Les propos tenus par le président de l’Adam Smith Institute il y a plus
de vingt ans sont toujours d’actualité.
Madsen Pirie
affirme, tout d’abord, que l’on accorde souvent, en politique,
une trop grande place au rôle des idées. « Elles ne
changent pas le monde à elles seules ». Ainsi, comme dans
le domaine scientifique où les ingénieurs permettent de
bénéficier concrètement des découvertes des
savants, « il faut des techniciens pour compléter
l’apport des théoriciens politiques ». C’est le
premier constat.
Le deuxième constat s’appuie sur la théorie des
choix publics. « Chacun, dit Madsen Pirie, cherche à maximiser ses avantages.
C’est ainsi que « des minorités très
motivées parviennent à obtenir des mesures contraires à
l’intérêt de la majorité, parce que celle-ci y
attache beaucoup moins d’importance ». Cela finit par donner
au secteur public les défauts chroniques qu’on lui connaît
: « tendance permanente au gonflement, confiscation par le
personnel au détriment des besoins des usagers, sureffectifs,
sous-équipement ».
Il y a bien des tentatives pour améliorer la situation.
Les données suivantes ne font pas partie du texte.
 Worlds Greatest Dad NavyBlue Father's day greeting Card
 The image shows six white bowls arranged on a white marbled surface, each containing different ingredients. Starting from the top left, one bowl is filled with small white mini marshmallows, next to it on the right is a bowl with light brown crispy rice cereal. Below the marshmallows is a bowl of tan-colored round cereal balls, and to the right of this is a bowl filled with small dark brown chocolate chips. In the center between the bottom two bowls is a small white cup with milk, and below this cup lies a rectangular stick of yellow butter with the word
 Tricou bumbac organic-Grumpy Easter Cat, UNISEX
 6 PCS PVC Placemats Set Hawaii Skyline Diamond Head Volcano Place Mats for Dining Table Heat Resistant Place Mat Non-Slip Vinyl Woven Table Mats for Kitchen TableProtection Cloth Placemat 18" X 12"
Mais,
le plus souvent, celles-ci partent du principe que la situation
dégradée est le résultat de dysfonctionnements
administratifs qu’il serait possible de corriger. Alors qu’en
fait elle est le résultat du mécanisme de prise de
décision publique.
Nous voyons bien que les tentatives de réduction du personnel,
d’amélioration des équipements, de réduction des
dépenses apportent parfois un résultat. Mais celui-ci est
provisoire car les administrations réussissent le plus souvent
à s’y opposer, en s’appuyant sur les « groupes
d’intérêt qui ressentent la réduction de
l’État comme une menace ».
La solution réside donc dans la recherche, par des techniciens
politiques, de méthodes pratiques prenant en compte le marché
politique comme une donnée essentielle. C’est ce que Madsen Pirie appelle la micropolitique.
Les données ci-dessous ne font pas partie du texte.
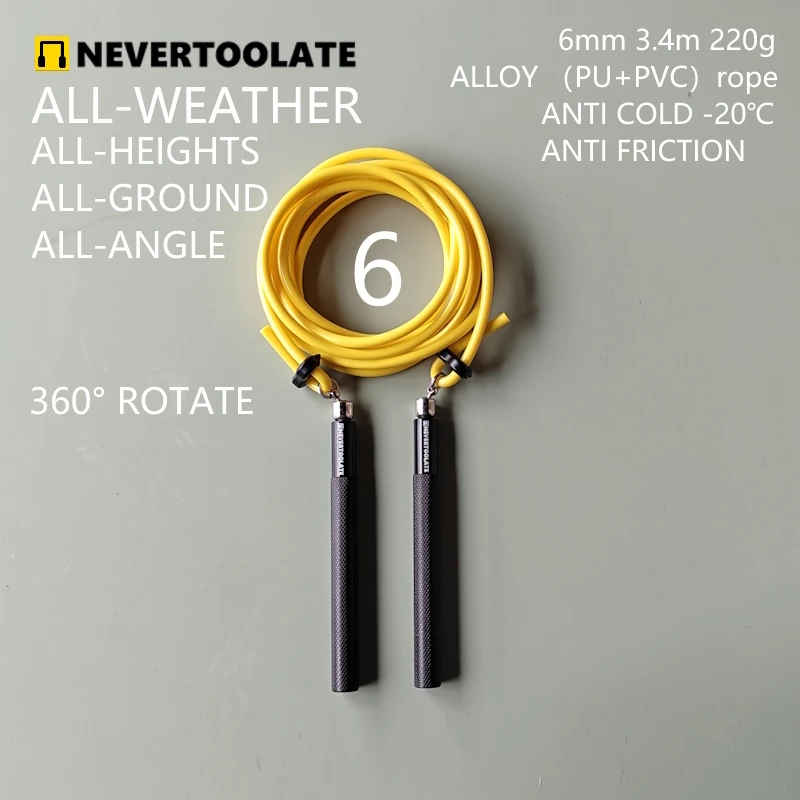 NEVERTOOLATE 360 free rotate ball bearing metal handle EASY CHANGE ROPE skip skipping jump rope no tangle fitness 5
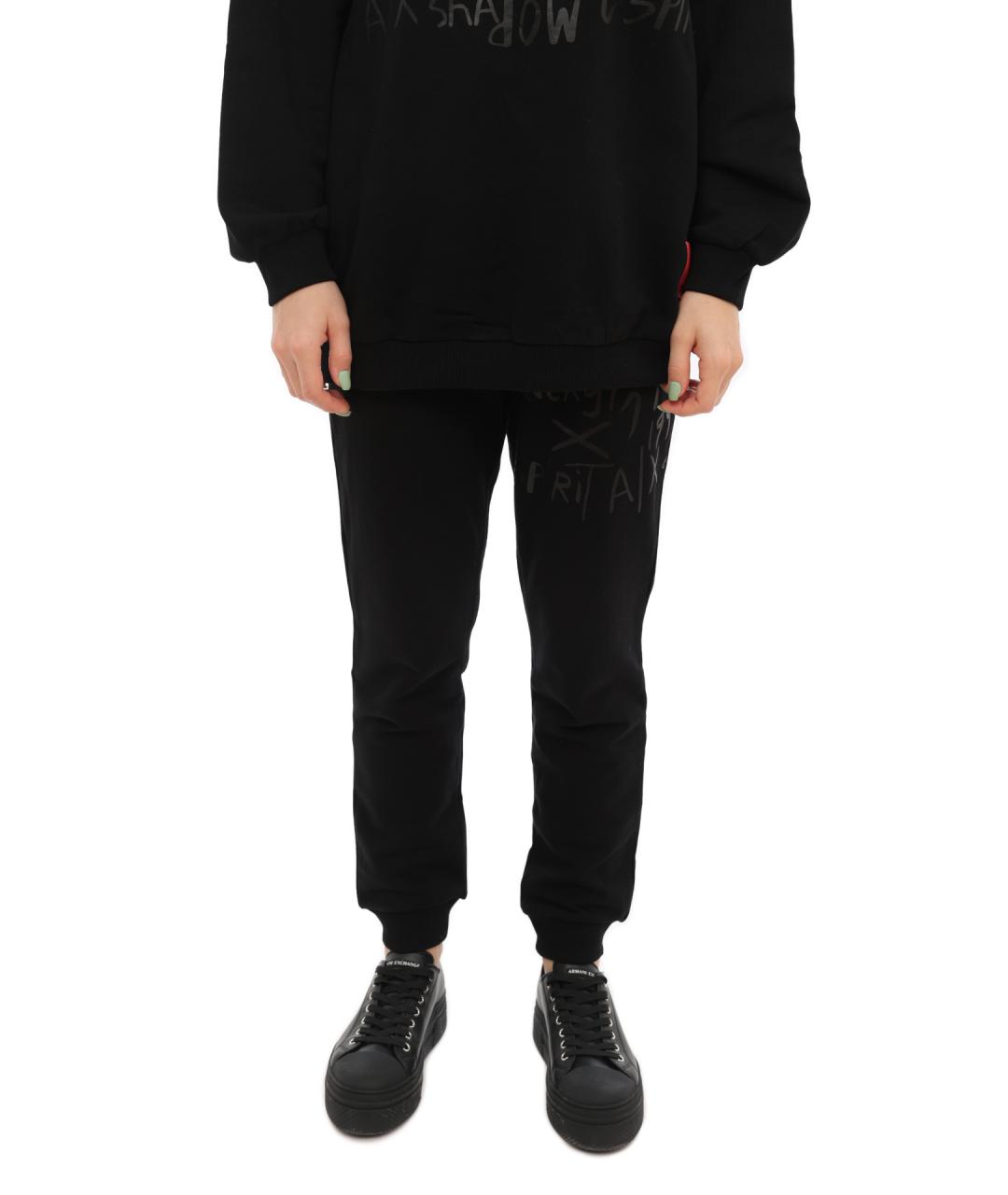 ARMANI EXCHANGE Черные хлопковые прямые брюки, фото 1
Il s’agit de connaître les ressorts du marché
politique et « de les faire jouer dans le sens
recherché ».
« Ainsi, dit Madsen Pirie, pour supprimer un avantage fourni par
l’État, il faudra donner en échange un avantage
perçu comme supérieur, pour que la catégorie
bénéficiaire, bien loin de réagir contre la mesure et
contre le gouvernement qui la propose, apporte son soutien à
l’une et à l’autre. Le progrès pourra résulter
du caractère différent du nouvel avantage : il pourra
s’agir par exemple d’un gain de nature privée se
substituant à des subventions publiques ; ou bien de
l’attribution d’un privilège considérable mais
ponctuel pour remplacer une rente de situation permanente de moindre ampleur.
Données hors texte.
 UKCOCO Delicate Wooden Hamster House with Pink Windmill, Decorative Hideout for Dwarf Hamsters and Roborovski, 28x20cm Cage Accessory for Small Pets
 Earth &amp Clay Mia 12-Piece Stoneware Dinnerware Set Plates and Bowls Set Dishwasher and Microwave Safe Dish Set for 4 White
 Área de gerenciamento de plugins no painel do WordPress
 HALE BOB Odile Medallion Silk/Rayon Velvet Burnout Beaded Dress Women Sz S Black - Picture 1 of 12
Dans les deux cas, les personnes concernées peuvent à juste
titre considérer qu’elles ont intérêt à ce
genre de mesure, qui cependant réduit les dépenses publiques
pour l’avenir, même s’il y a éventuellement un
surcoût immédiat ».
La micropolitique ressemble beaucoup
à ce que l’on appelle péjorativement la politique
politicienne. Certes, mais la finalité n’est pas la
même : il s’agit bien de réduire le poids et
d’accroître l’efficacité de la sphère
publique.
La micropolitique n’attaque pas les
privilèges de front. Elle n’est pas brutale. Elle demande du
temps. C’est une dynamique, dont le résultat final n’est
pas préconçu. Madsen Pirie compare le démantèlement du secteur
public au désamorçage d’une bombe. « Il faut
d’abord soulever le couvercle et étudier toutes les connexions
afin de déterminer quels sont les fils à déconnecter et
dans quel ordre. Si l’action est menée trop maladroitement ou
trop brutalement, l’ensemble peut exploser à la figure de
l’opérateur ».
Soulignons également que la technique utilisée doit
s’adapter à chaque cas particulier. Il n’y a pas de
recettes toutes faites, et ce qui a marché à un moment dans un
pays peut ne pas fonctionner à un autre moment sous d’autres
latitudes. La micropolitique est avant tout une
approche, un mode de raisonnement, un système de valeur même. Il
s’agit d’introduire des choix et des espaces de liberté
pour les individus, de « permettre l’expression des
préférences individuelles malgré les pressions des
groupes d’intérêt ».
Au Royaume-Uni, la micropolitique a
été largement utilisée. Et elle a fait la preuve de son
efficacité. La France, aujourd’hui bloquée, chaque
corporatisme défendant bec et ongles son pré carré et
empêchant tout commencement de réforme, pourrait avantageusement
profiter de cette technique.
Mais sans doute faudrait-il pour cela l’émergence
d’une nouvelle Margareth Thatcher.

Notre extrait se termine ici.